Friday 3 July 2009


Learn from mistakes, or learn from success?



Trial and error, or trial and success? Which is the better learning mechanism?

A thought provoking piece here, makes the argument that people learn much better from their mistakes, as a result of the emotional charge and the emotional scars that failure brings.
I know this is true on an individual level, but do we really have to fail before we can learn?

I believe that on a corporate level, or as a society, we collectively make the biggest learning steps when we finally succeed.

Think of Edison and his light filament; when did he do the most learning? When he tried each of the 99 options that didn’t work, or when he found the one that did? Now you can argue that he learned from both, but now let’s look at transferring that knowledge. If you were a light bulb maker, which of these two statements would be of most value to you?

1. You can’t make a light bulb filament out of cat hair
2. You can make a
light bulb filament out of tungsten

It is learning from the successes that are most valuable for others.

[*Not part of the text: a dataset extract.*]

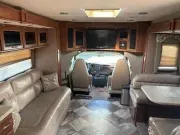 used Other Trailers Coachmen  for sale, in Omaha, NE Thumbnail 3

Now let’s look at KM in an organisation, and how an organisation learns. The ideal for an organisation is that it learns from the *minimum of mistakes*. We know that it is human nature to learn best from mistakes, but we don’t want to be at the mercy of human nature*. We don’t want people to have to screw up in order to learn. We don’t want mistakes and screw ups if we can possibly avoid it, because mistakes and screwups can cost money, they can cost lives (in certain cases), and they can cost careers if they are big enough. I know that people find a mistake a powerful learning experience, but KM in organisations must aim at countering this, and giving people access to learning from other’s mistakes. (In fact it is notable that where mistakes are most serious, as in the Military, the greatest attention is given to systematic learning and KM)

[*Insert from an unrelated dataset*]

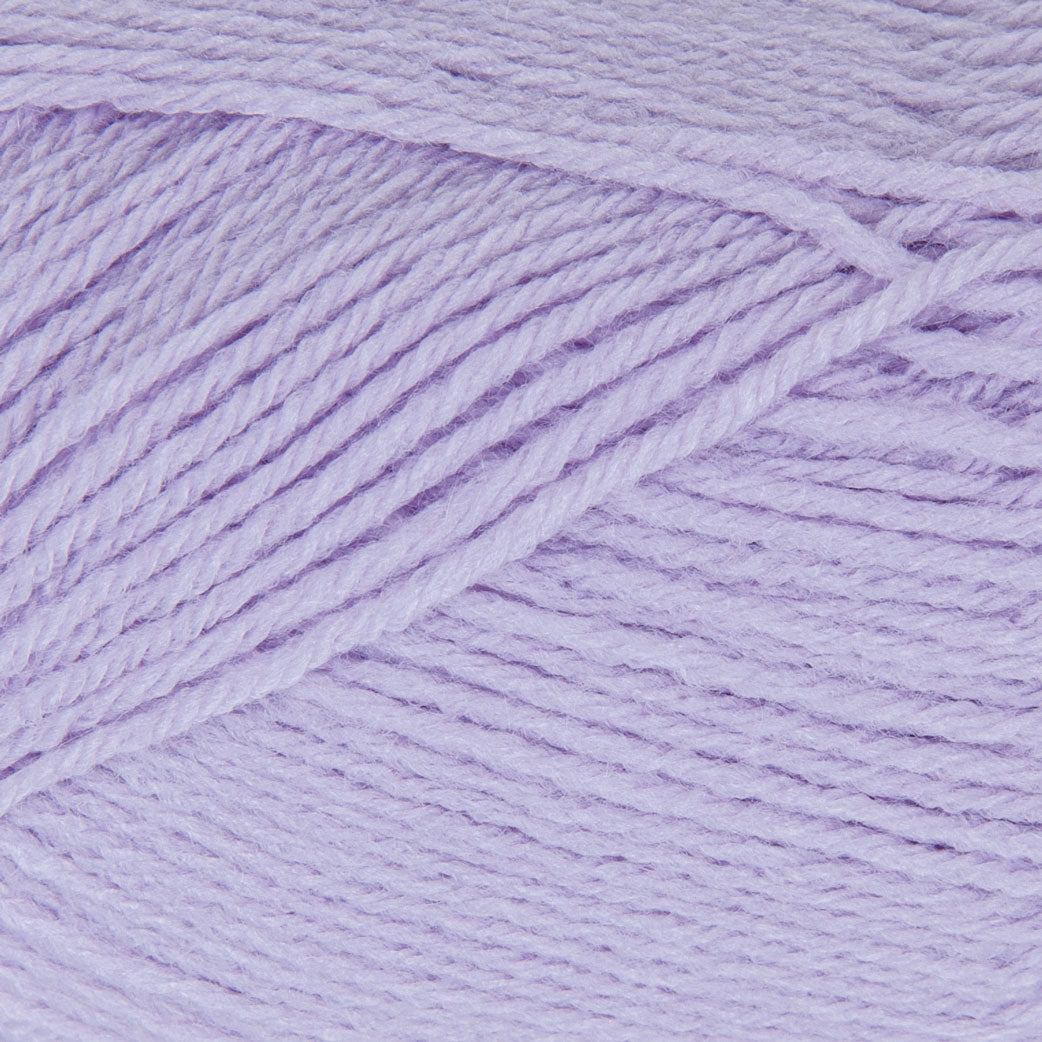 Twinkle Toes Baby Blanket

Somehow we need to make that learning as powerful as possible. We don’t just want to say “do X”, we want to say “Do X, because you can get into real trouble if you don’t”. Or even “Do X – I didn’t, and let me tell you what happened”. Ultimately, if X is definitely the right thing to do, we might want to say “Do X. That’s the company way. If you work here, X is what you do”

Basically, we cannot afford to let people learn from mistakes when mistakes are avoidable. The first time a mistake is made, it can be a mistake only in hindsight – at the time it might have been the best option based on the knowledge available at the time. It may have been a justifiable risk. The second time that the same mistake is made, is a failure of KM. The new knowledge available should have warned of the probability of the mistake. The hindsight from the first mistake should become foresight to avoid the second.

An organisation should learn from its mistakes, but only once! The best approach is to learn once from mistakes, and many times from success.

*in fact most management systems are attempts to guard against human nature.